In today’s American Spectator, Acton’s Director of Research Samuel Gregg notes that left-wing politicians, supporters of socialism, and social engineers seem to have taken over – not just in American politics, but globally. Why? Gregg suggests three reasons:
One abiding cause of the left’s on-going ascendency, I’d suggest, is that the visible weakening of orthodox religion throughout the West. As the 20th century Jesuit theologian Henri de Lubac observed, liberalized forms of Judaism and Christianity don’t involve abandonment of a desire for the transcendent. Man, he claimed, remains homo religiosus. The yearning for the eschaton subsequently gets channeled by liberal religion into the pursuit of this-worldly commitments …
A second enduring dynamic that’s boosting the left’s forward-march, and which is perhaps even less curable by policy-changes. It is, in a word, democracy.
By this, I don’t mean the formal participation of increasing numbers of citizens in the process of decision-making. Sometimes that’s a good thing. Rather, I have in mind what the French philosopher Alexis de Tocqueville identified as the force that underpins democracy’s emergence: the passion for equality …
A third powerful long-term influence—reflects the hermeneutics of suspicion that’s been part-and-parcel of left-wing thought at least since Marx. Tocqueville, however, claimed that he knew of no country with “less independence of mind and true freedom of discussion” than American democratic society.
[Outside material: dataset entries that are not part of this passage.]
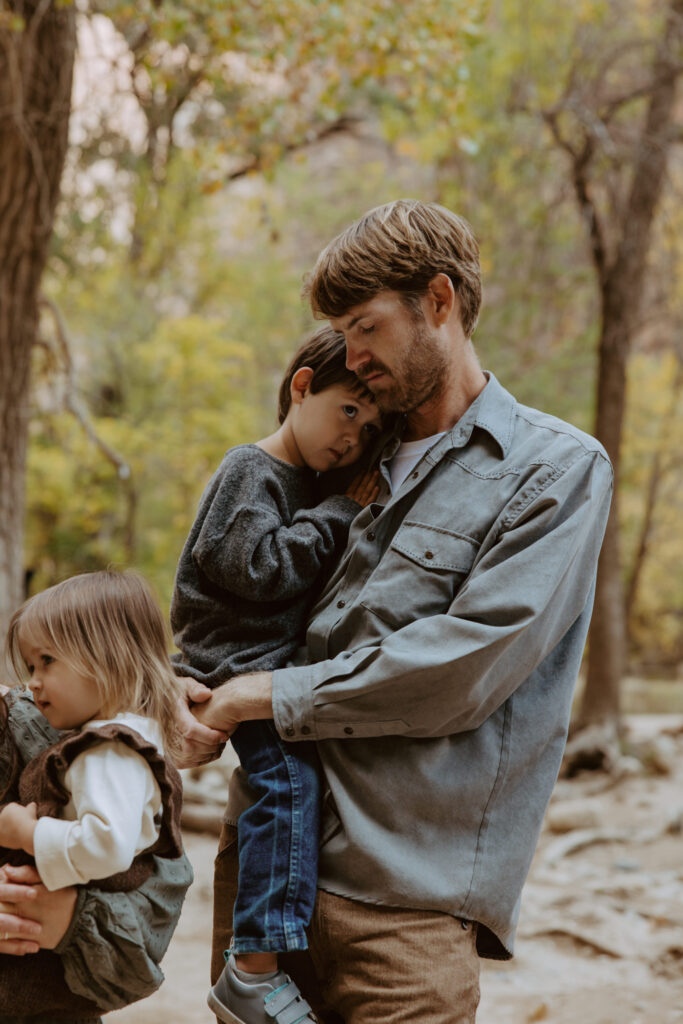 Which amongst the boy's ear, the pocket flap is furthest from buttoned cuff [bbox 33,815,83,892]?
the boy's ear

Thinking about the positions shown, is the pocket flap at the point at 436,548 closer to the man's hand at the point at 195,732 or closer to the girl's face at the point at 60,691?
the man's hand at the point at 195,732

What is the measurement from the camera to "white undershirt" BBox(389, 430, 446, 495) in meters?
2.02

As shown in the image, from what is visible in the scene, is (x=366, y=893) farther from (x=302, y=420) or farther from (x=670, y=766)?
(x=670, y=766)

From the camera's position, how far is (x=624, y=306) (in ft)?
28.8

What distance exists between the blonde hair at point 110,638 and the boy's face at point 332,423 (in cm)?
47

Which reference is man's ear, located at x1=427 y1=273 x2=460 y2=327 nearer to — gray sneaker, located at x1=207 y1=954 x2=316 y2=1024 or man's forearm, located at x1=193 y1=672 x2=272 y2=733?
man's forearm, located at x1=193 y1=672 x2=272 y2=733

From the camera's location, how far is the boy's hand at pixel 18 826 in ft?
5.13

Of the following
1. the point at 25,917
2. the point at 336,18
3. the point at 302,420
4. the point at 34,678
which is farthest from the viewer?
the point at 336,18

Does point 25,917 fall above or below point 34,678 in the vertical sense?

This sounds strange to us. Isn’t freedom of speech treasured by many Americans? But Tocqueville’s point is that the democratic craving for equality-as-sameness can make “certain thoughts seem suddenly to disappear from the memory of men” and bolsters a “censorship a thousand times more powerful than that exercised by power.”
Gregg concludes that the left thinks “long-term” and this appeals to the masses. Why, he asks, doesn’t the right do the same?